Dossier: A 50 años del Cordobazo. Presencias, ausencias y memoria.
Por Carlos Aznárez
50 años en la vida de un país es un tiempo breve, aunque parezca lo contrario. Más si se piensa en términos de una gesta que marcó toda una época y abrió las puertas a decenas de insurrecciones populares y a la idea de tomar, de una buena vez, el cielo por asalto. El Cordobazo fue eso y mucho más, pero no se queda clavado e inmóvil en la historia sino que hoy mismo su legado habilita a repensar nuevas insurgencias.
Todo comenzó en junio de 1966 cuando un general que llegó a creerse un Dios pensó que a través del golpe de Estado podría perpetuarse en el poder por décadas. Juan Carlos Onganía había convertido la singular “proeza” de echar del gobierno al radical Arturo Illia y tener desde su primer día de reinado, la complicidad (cuando no) de un sector de la burocracia sindical, del nacionalismo católico ultramontano y un magro consenso clasemediero que se imaginaba que por fin se iba a restaurar “el orden” y se dejaría de lado a los “populismos”. El clima que se vivió en los días subsiguientes, después de la represión en las universidades (la famosa “noche de los bastones largos”), las detenciones y el exilio forzado de varios profesores y científicos, era depresivo. Hasta el propio Perón había lanzado desde su exilio en Madrid, la recordada frase: “Hay que desensillar hasta que aclare”. Todo parecía cerrar en la idea de que esos milicos que se autodenominaban “revolución argentina”, venían para quedarse un largo tiempo.

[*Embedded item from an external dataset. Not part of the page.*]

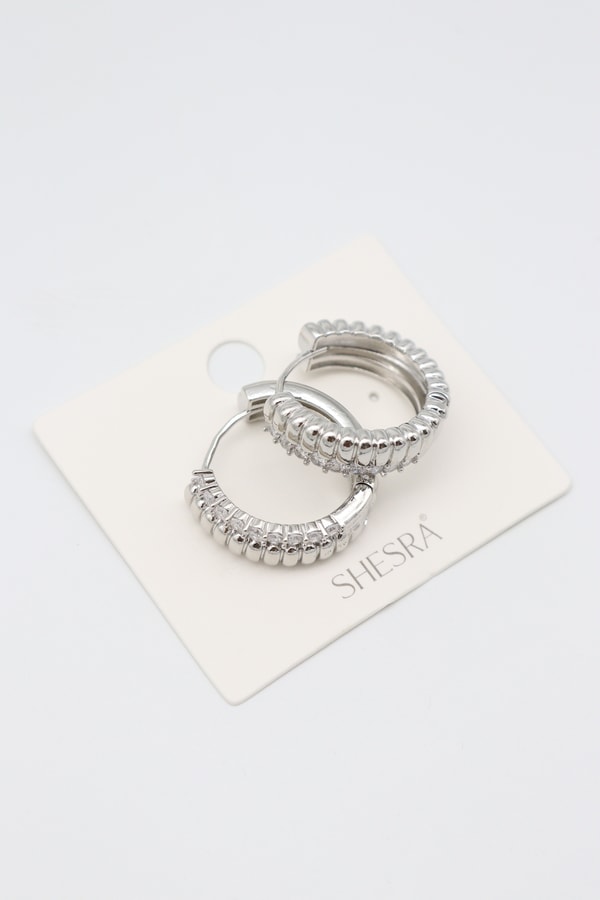 Çelik Küpe 14 K-14914 (22mm)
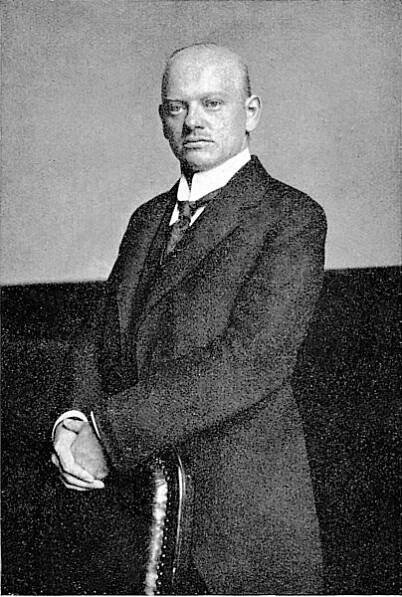 Gustav Stresemann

Tres años después, el Cordobazo estallaba en pleno rostro de la dictadura y generaba una gran conmoción en todo el país que sirvió para acicatear nuevas insurrecciones populares.
Vale recordar cuáles fueron los factores que surgieron como esenciales para desarrollar una pueblada de la magnitud de aquellos días de fines de mayo de 1969, sobre todo para demostrar que la memoria puede ayudar en la búsqueda de salidas en tiempos difíciles.

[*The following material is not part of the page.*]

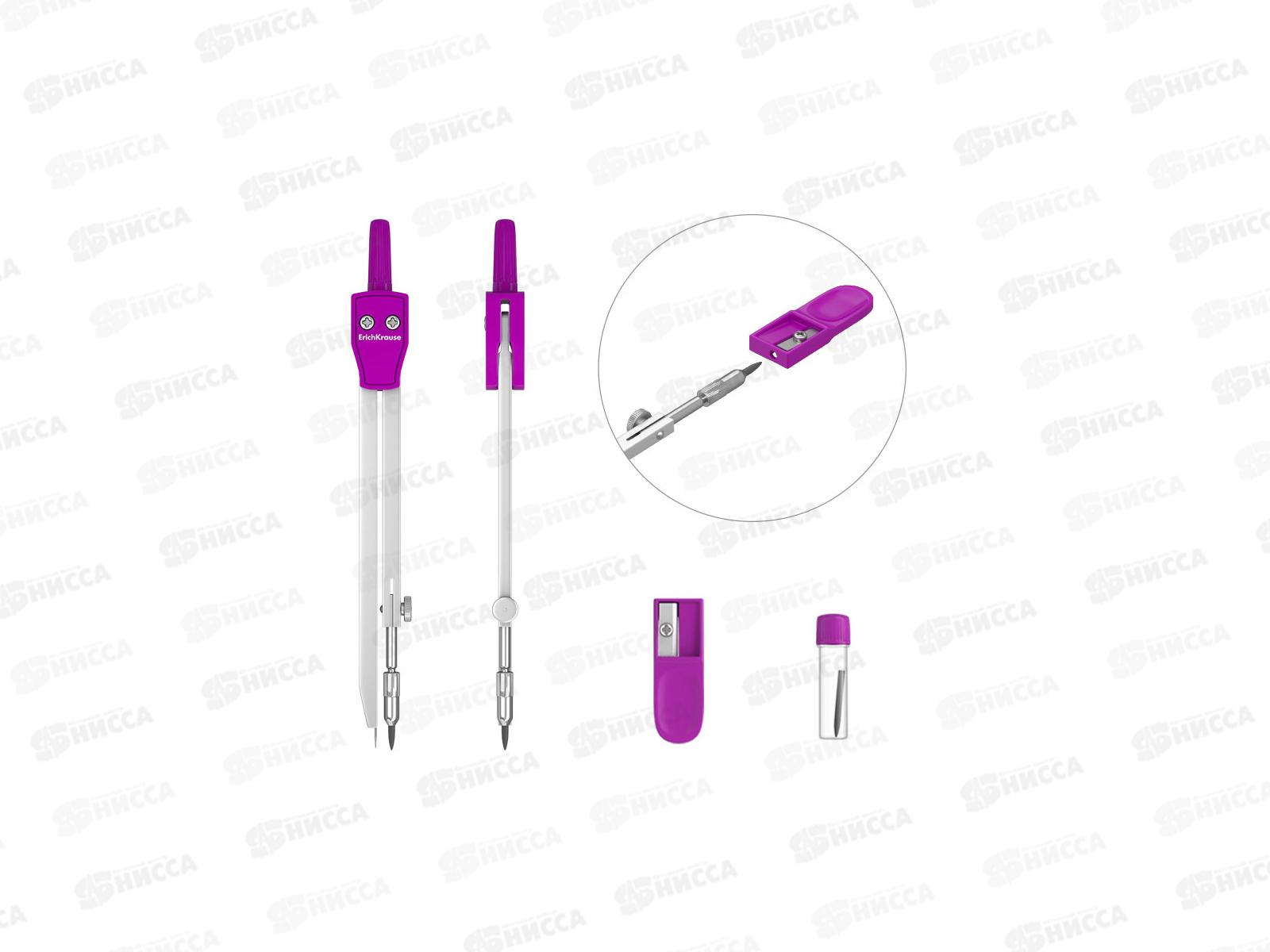 Готовальня EK  3 предмета , S-Cool, 31527 *12/144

Hay que tener en cuenta que después de la “Revolución” gorila y fusiladora de 1955, se fue generando en Córdoba (precisamente en la provincia que acunaba a militares que participaron activamente en el golpe contra Perón) un caldo de cultivo popular y rebelde, con sindicatos combativos y pluralistas. No era extraño encontrarse en las movilizaciones de 1967 y el 68 marchando juntos a obreros peronistas y de la izquierda marxista. Así, para mediados de 1969, el clima de repudio a la dictadura era una de las bisagras fundamentales de la unidad por la base, en una provincia repleta (sobre todo en los alrededores de la ciudad) de fábricas metalúrgicas y metal-mecánicas, con obreros relativamente bien pagados y con un importante nivel de conciencia gremial. A esto hay que sumar una población estudiantil de casi 30 mil estudiantes y mucha militancia barrial organizada, que contaba con el apoyo en algunas zonas específicas de curas obreros adscriptos a un cada vez más numeroso Movimiento de Sacerdotes del Tercer Mundo.

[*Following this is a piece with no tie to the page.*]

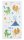 FABER-CASTELL Colour Grip Buntstifte farbsortiert, 13 St.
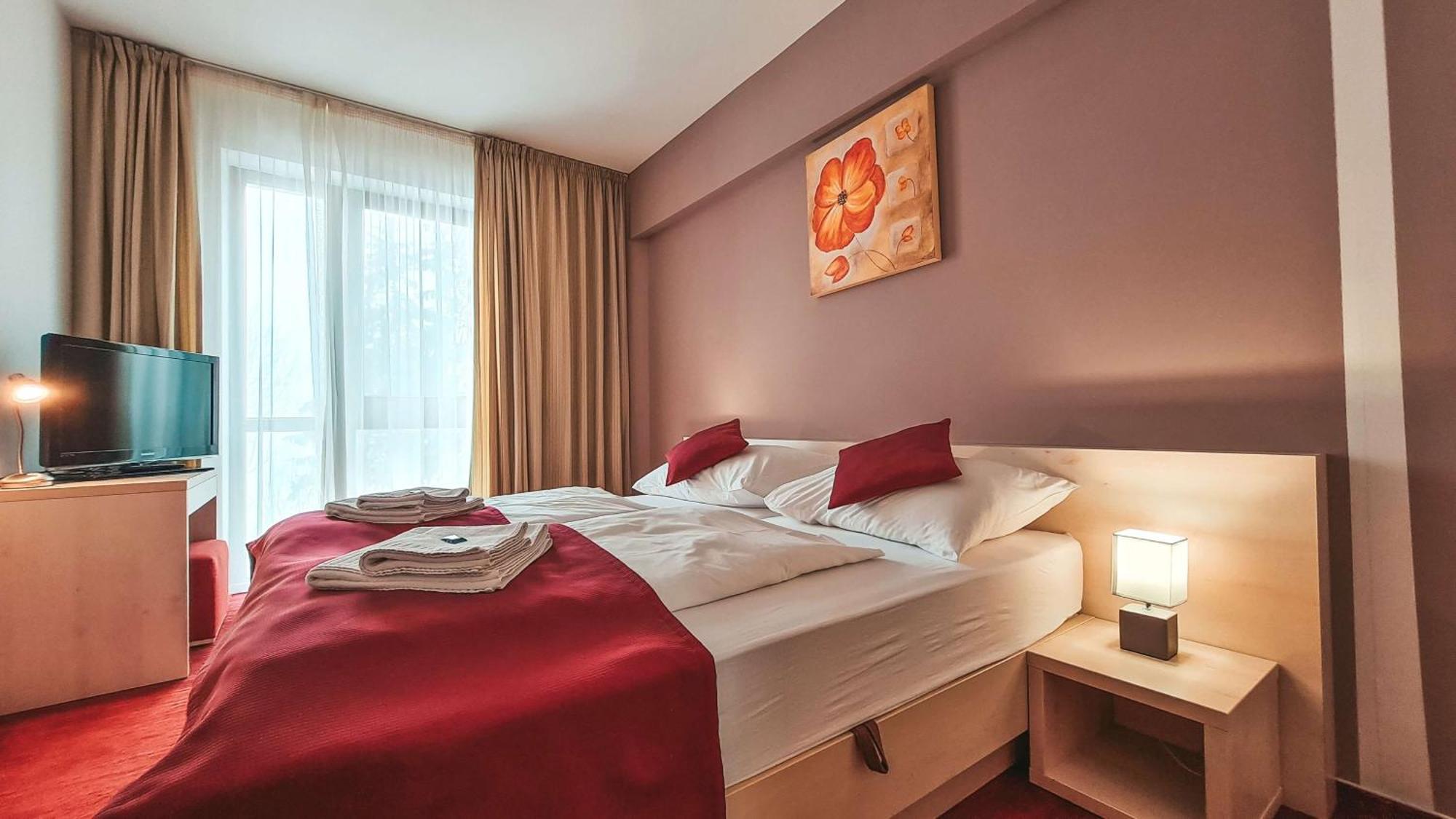 Hotel Crocus Štrbské Pleso Стая снимка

Todos estos elementos sumados a tres fuertes liderazgos sindicales, el de Agustín Tosco (Luz y Fuerza y de la rebelde CGT de los Argentinos), Atilio López (UTA y dirigente del peronismo revolucionario) y Elpidio Torres (de la rama Energía de Luz y Fuerza y del peronismo ortodoxo), generaban la posibilidad de, llegadas las circunstancias, forjar una contraofensiva al gobierno dictatorial.
Razones no faltaban para lanzarse a la calle aquel convulsionado mes de mayo del 69. El día 15, se había producido el Correntinazo, al ser asesinado en una manifestación en la provincia de Corrientes, el estudiante Juan José Cabral. Esa muerte trajo otra, al día siguiente, en la ciudad de Rosario, la del estudiante Luis Norberto Blanco, quien estaba manifestándose en repudio a los hechos de Corrientes.
Por su parte, la CGT de los Argentinos, convocaba a enfrentar la represión dictatorial en
todo el país, y Córdoba era un escenario importante para que quedara al margen.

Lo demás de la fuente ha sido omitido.